I’ve been thinking lately that Manassas is quickly becoming a center for the arts. We’ve been headed down this path for some time now, with the old Community Concert Association hosting artists at the local high schools to the conversion of the Candy Factory in downtown to a Center for the Arts to the opening of the Hylton Performing Arts Center on the Prince William Campus of George Mason University. These are the big venues: there are also theater groups, choral groups, photography groups, art groups, dance troupes, book clubs of all sorts, and even a group for local writers, Write by the Rails, which I think should win a prize for the Best name for a Local Arts Group, not that I’m prejudiced (and a member of WbtR) or anything. (I have purposely not listed the arts groups by name so as not to leave anyone out. You know who you are. I would not want my front door decoupaged by the local crafts group just because I spelled their name wrong. Those craft groups will get you!)

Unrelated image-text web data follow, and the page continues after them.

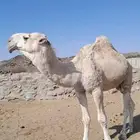 بعير للبيع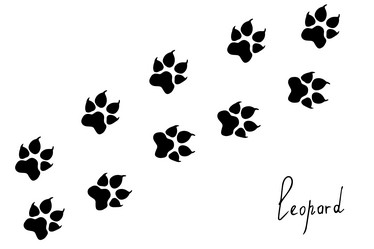 Similar image 21938513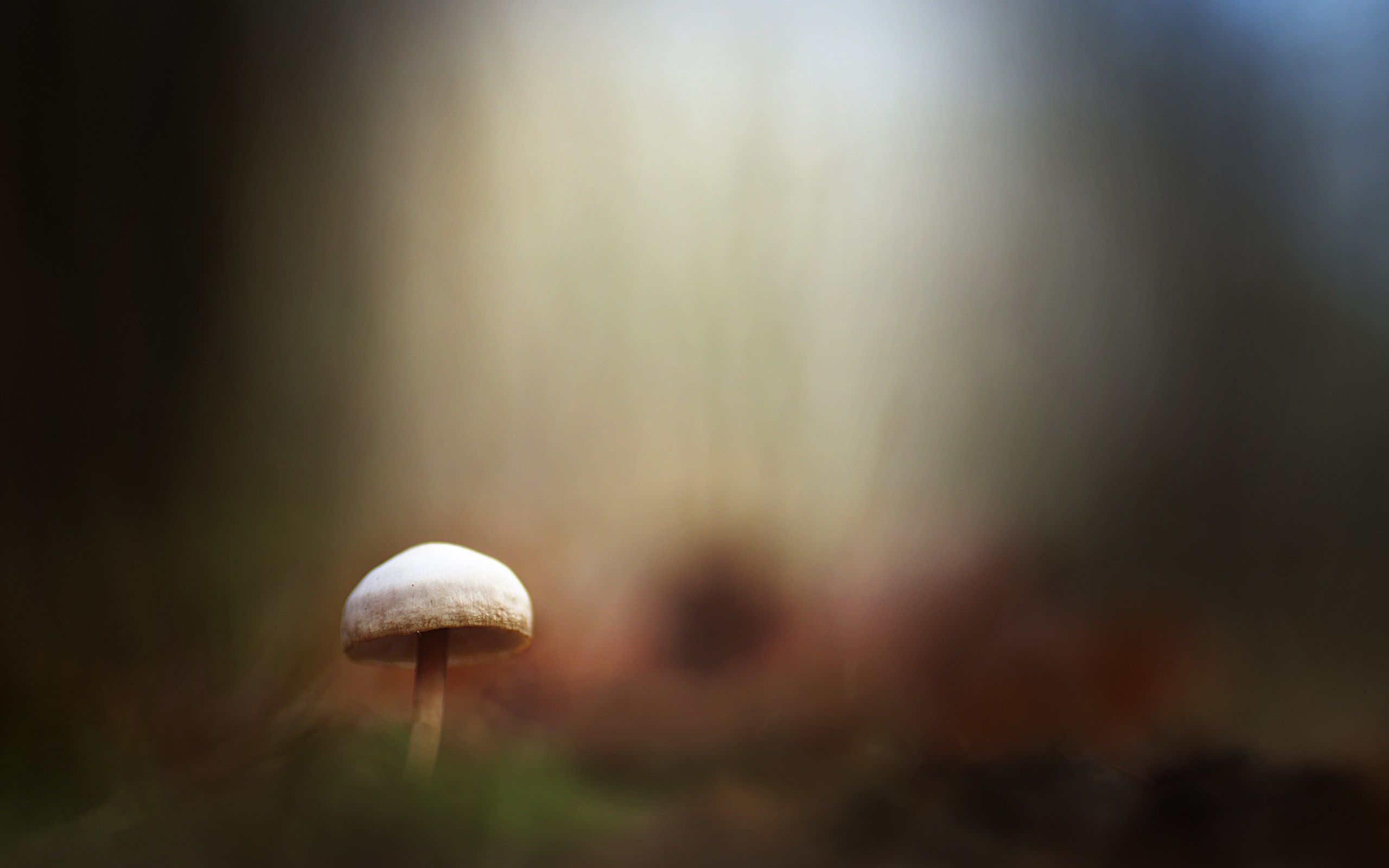 Mushroom in forest with sunlight HD Wallpaper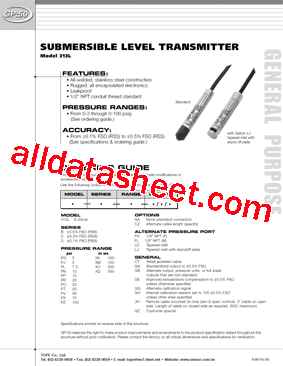 313LCPRCZLDGG型号图片
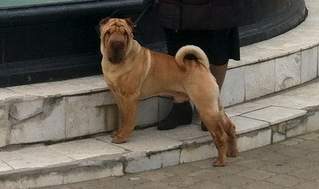 619 X 367 135.1 Kb 15-16  2-CACIB .  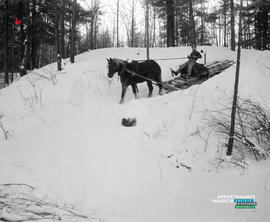 004 - Cheval hiver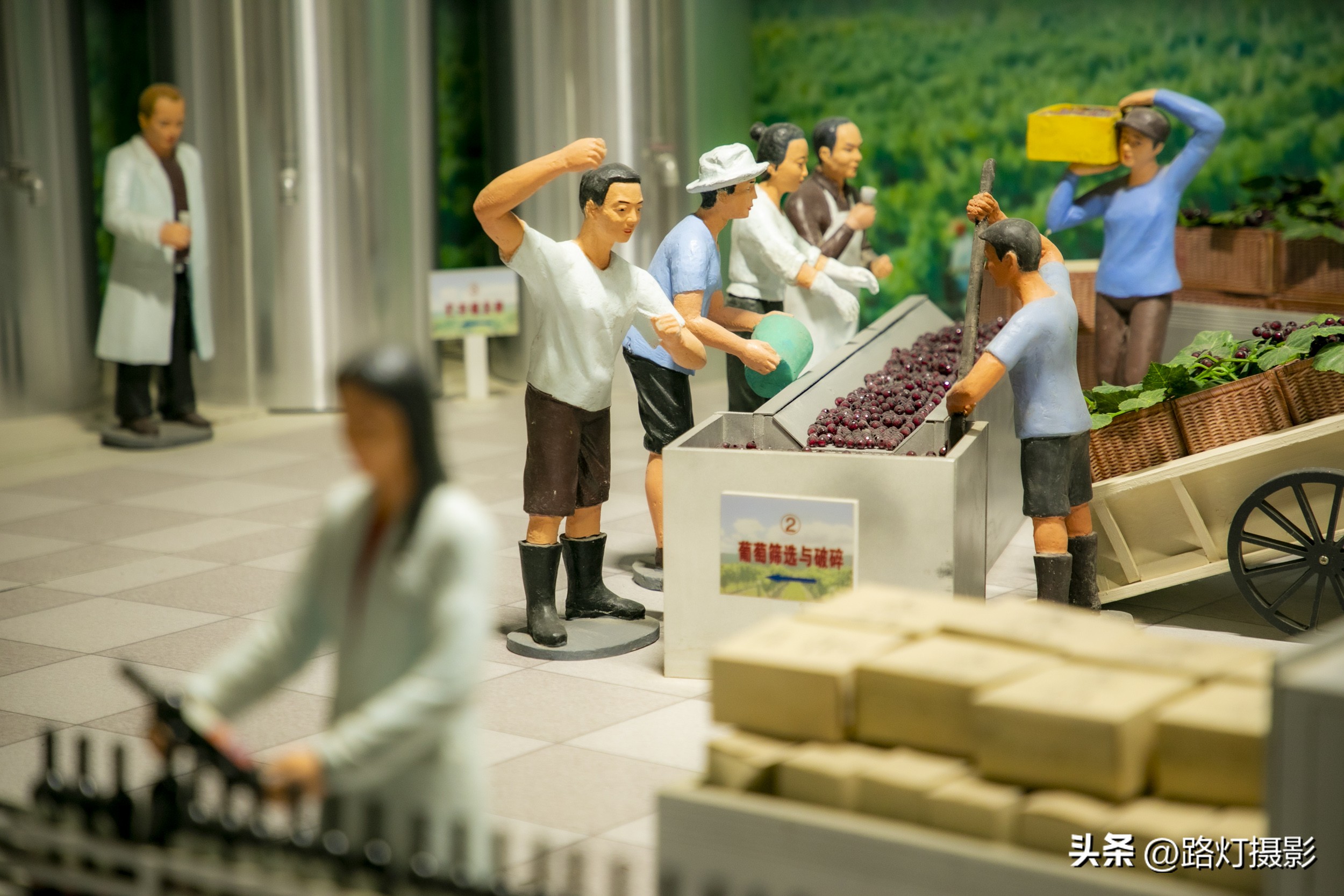 打卡世界级白酒庄园,打卡世界级白酒红酒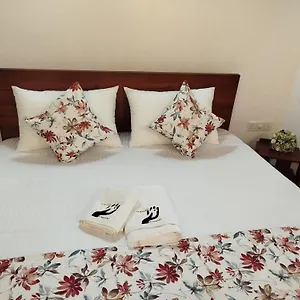 https://elzangi.kandyhotelsnow.com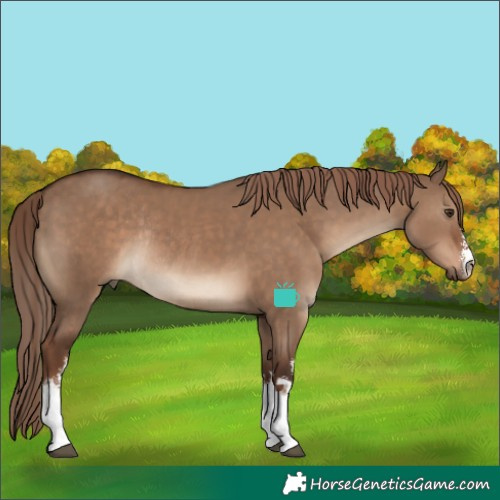 Horse Color:White Spotted Liver Red Dun Rabicano 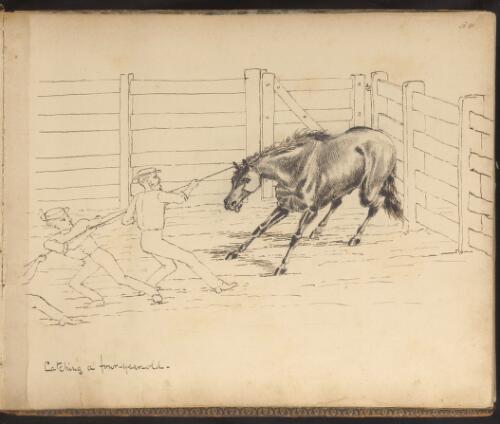 Catching a four-year-old [horse] [picture] / R. W. Stuart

Anyhow, I was thinking about Manassas as a cultural Mecca this afternoon as I attended the Third Annual Recital to Celebrate the birthday of J. S. Bach. This event features local musicians and is quite the time. Here’s the cover of the program:
The pieces were carefully selected, well-performed and widely varied. We had various forms popular with Herr Bach on the organ and then flutes and trumpet added for depth and effect. A string quarter from the Fairfax Symphony played beautifully and combined choirs sang the Crucifixius from the Mass in b minor.
A nice reception followed, staged by the good folks at Trinity. Stuart Schadt and his congregation are among others making the ecumenical journey possible for the community right now. The church hosts the Lenten services each Wednesday during Lent. Kudos to Stuart and all the musicians and everyone else who helped make this happen. It was grand and glorious. And as Herr Bach wrote on every piece of music he composed, “Soli Deo Gratia.”